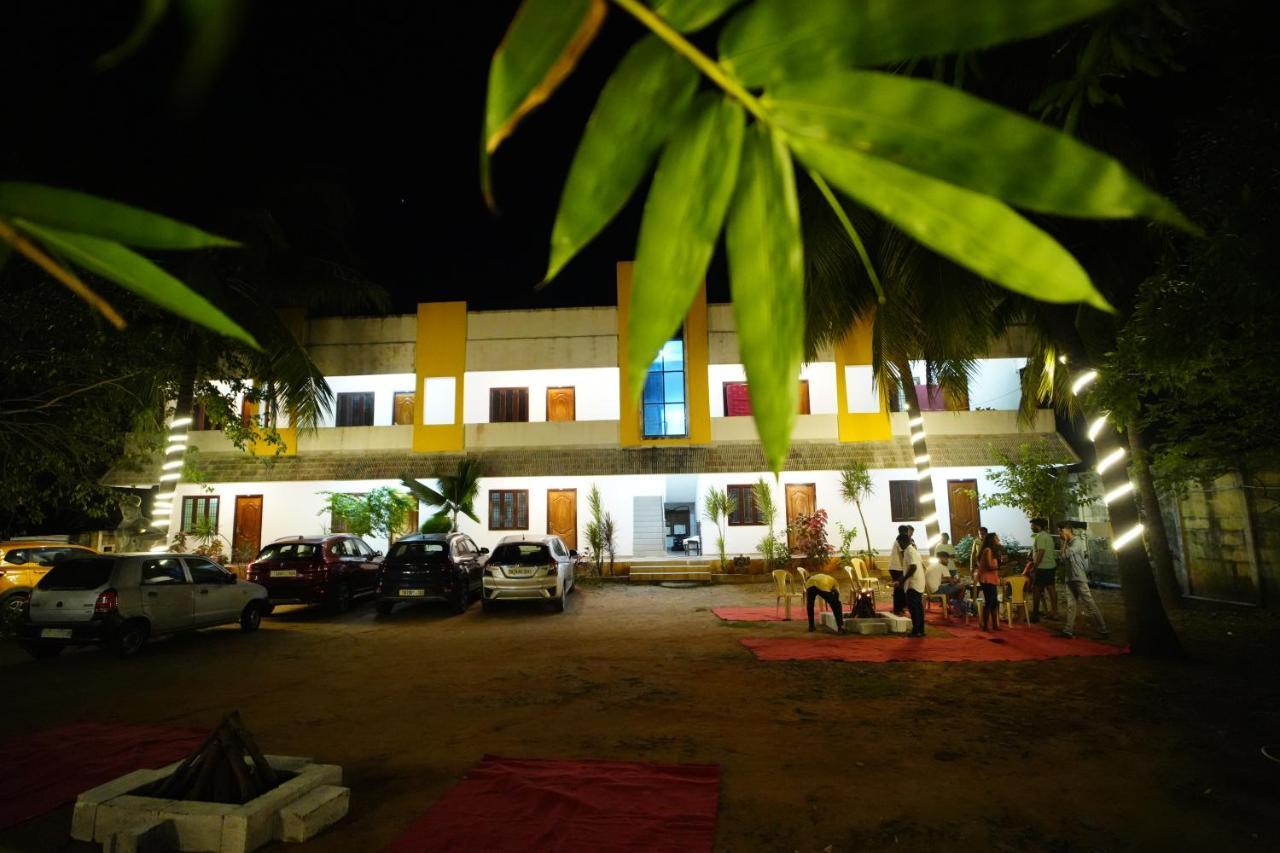 Dwaraka Residency Hotel Mahabalipuram Exterior photo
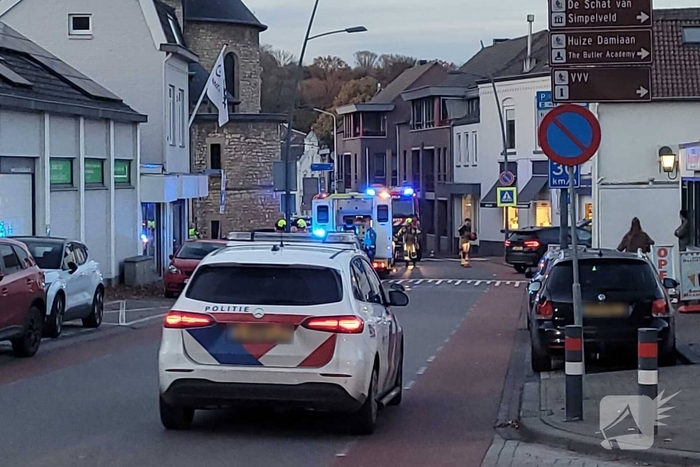 Auto en motor botsen, bestuurder gewond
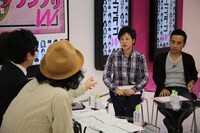 かもめんたる（右）と、MC陣。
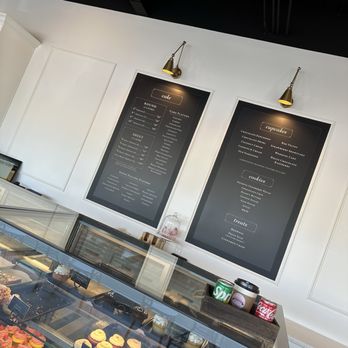 Caramanda's Bake Shoppe - Bakeries Near Me - Lexington, Kentucky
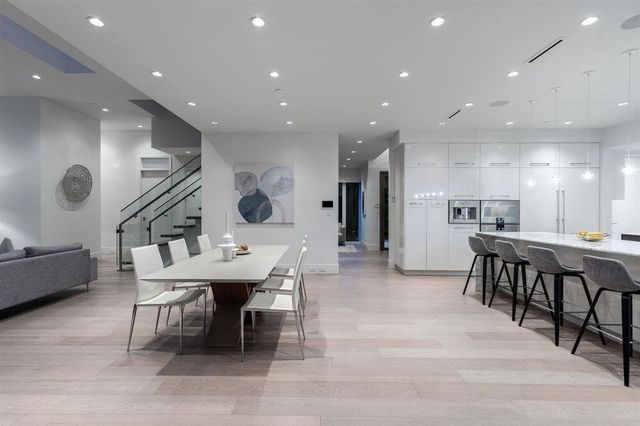 77730 at 977 Hampshire Road, North Vancouver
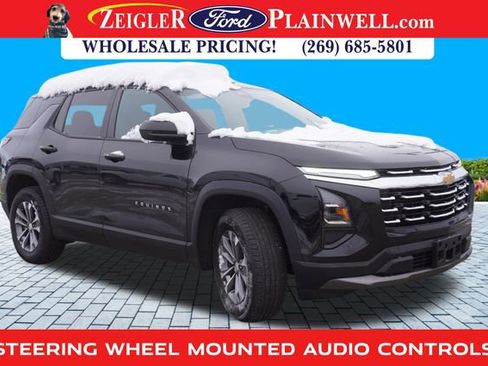 Used 2025 Chevrolet Equinox LT image 4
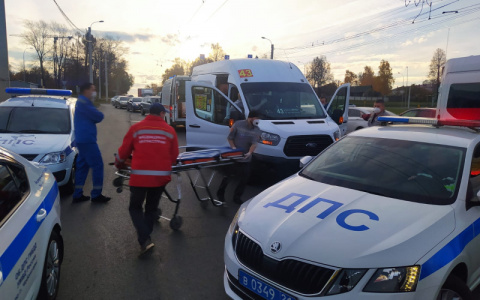 В Чебоксарах девушка порезала ножом водителя 43-й маршрутки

▸ **Try it**
The data is to be returned exactly as it stands, pictures aside.

▸ **Reply**
 Dwaraka Residency Hotel Mahabalipuram Exterior photo
 Auto en motor botsen, bestuurder gewond
 かもめんたる（右）と、MC陣。
 Caramanda's Bake Shoppe - Bakeries Near Me - Lexington, Kentucky
 77730 at 977 Hampshire Road, North Vancouver
 Used 2025 Chevrolet Equinox LT image 4
 В Чебоксарах девушка порезала ножом водителя 43-й маршрутки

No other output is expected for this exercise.